Uh, oh…

I’ve never seen anything like that before…

I’m sure there are situations in which this proclamation is a positive thing, but I really can’t think of one. It certainly is not what you want to hear coming out of your surgeon’s mouth. Fortunately, I was still unconscious, but that meant it was Peggy that got the news.

The morning started well enough. We arrived at the surgical hospital at 5:30 for our scheduled 7:00 procedure. The doctor came in to see us — in her scrubs and wearing no makeup she looked about 17. Drew on my leg in Sharpie to show where the incision would be (and, I suppose, to make sure she didn’t operate on the wrong leg, though that didn’t occur to me until later). Told me what she was going to do. Sounded like something she had done before.

The anesthesiologist came in and told me what he was going to do and gave us instructions for what we were supposed to do when we got home. Again, great information delivered by a man who has clearly done this thousands of times. I nodded off to sleep with great confidence.

When I wake up Peggy is in the room with me. After nearly thirty-seven years together I’m pretty good at reading her. What I’m reading is not comedy.

“Remember how young she looked when she came in this morning? Well, she looked her age when she came back in,” was her opening. “She told me she had never seen anything like that before.”

While we were preparing for the surgery the doctor had explained the plan. Go inside, reconnect the severed ends of the tendons, even tighten them up a little bit so that the ankle would be better after surgery than it had been before the injury.
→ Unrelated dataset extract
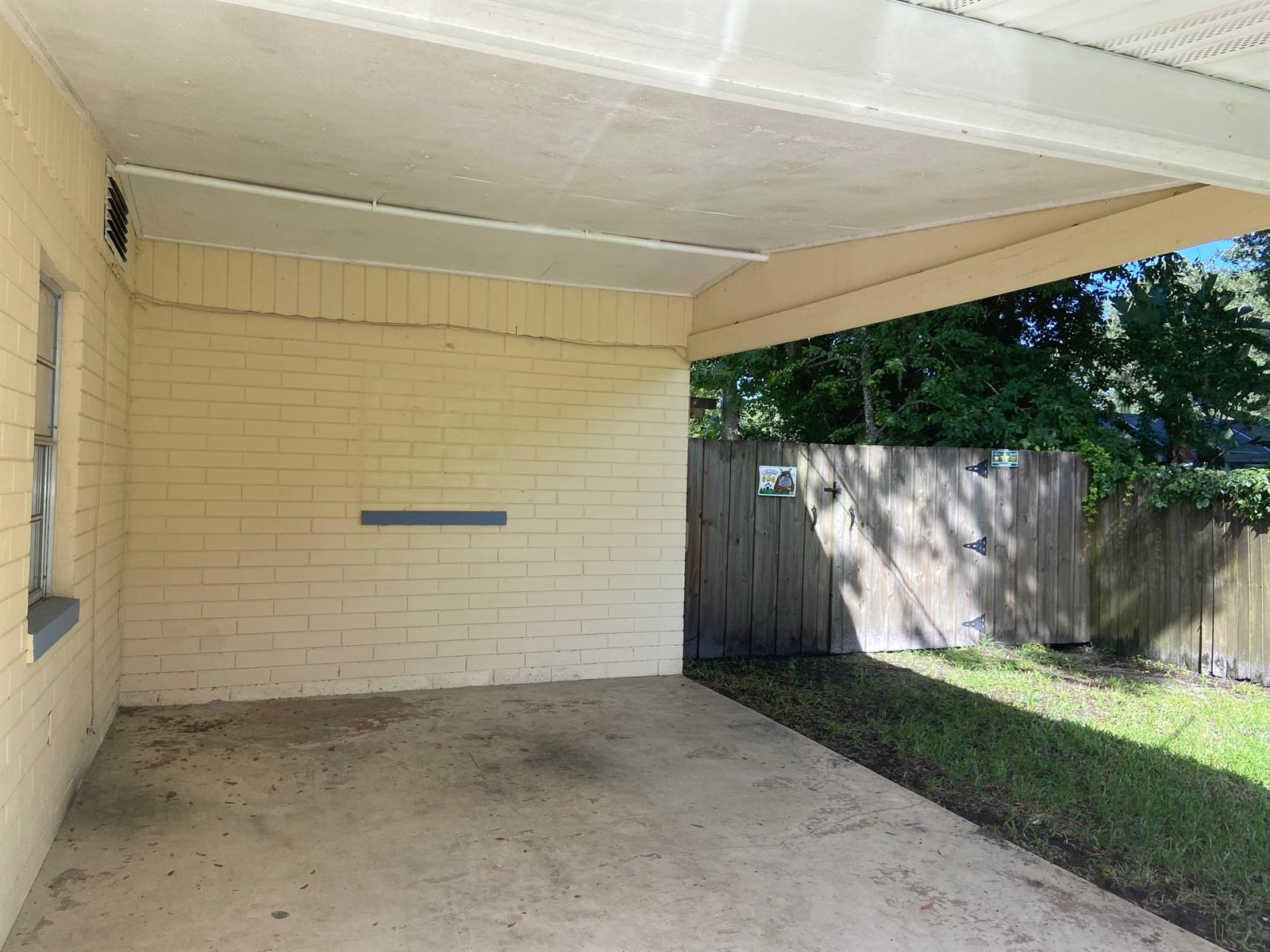 Ellison Acres 03 - Residential Lease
Not bad for an ankle that has been broken three times and injured several other times. I’m pretty sure that while she described how great it would be that little blue birds flew into the room and lighted on her as she spoke.

The birds are dead.

When the surgeon got inside my ankle she discovered that all four ends of the two tendons were essentially ribbons; she was unable to reconnect them. Instead, she used all of the “usable” pieces she could find and attempted to make one good tendon out of them.

“If this is going to have any chance of working you have to follow the recovery and rehab directions to the letter,” she said.
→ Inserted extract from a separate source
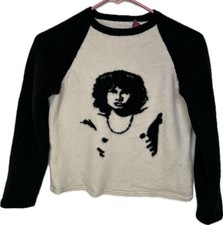 Richard grand cashmere for sale  Irvine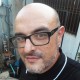 User Gravatar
What I thought:  It’s my damn ankle so of course I am going to do whatever it takes to make it work. And my wife is a personal trainer and an inveterate rule follower so she is not going to allow me to do anything other than what I am supposed to do.

What I said: “What do you mean IF?!”

I am at home in a lovely red recliner chair. The anesthesiologist was correct and I have felt no pain because we followed his post-op suggestions. Peggy picked up a very stylish scooter for me to use when I need to go to the bathroom or move from my chair to the bed. My foot will not touch the ground for a month. My family is coming to visit for Christmas because I cannot travel. We are going to follow the rules.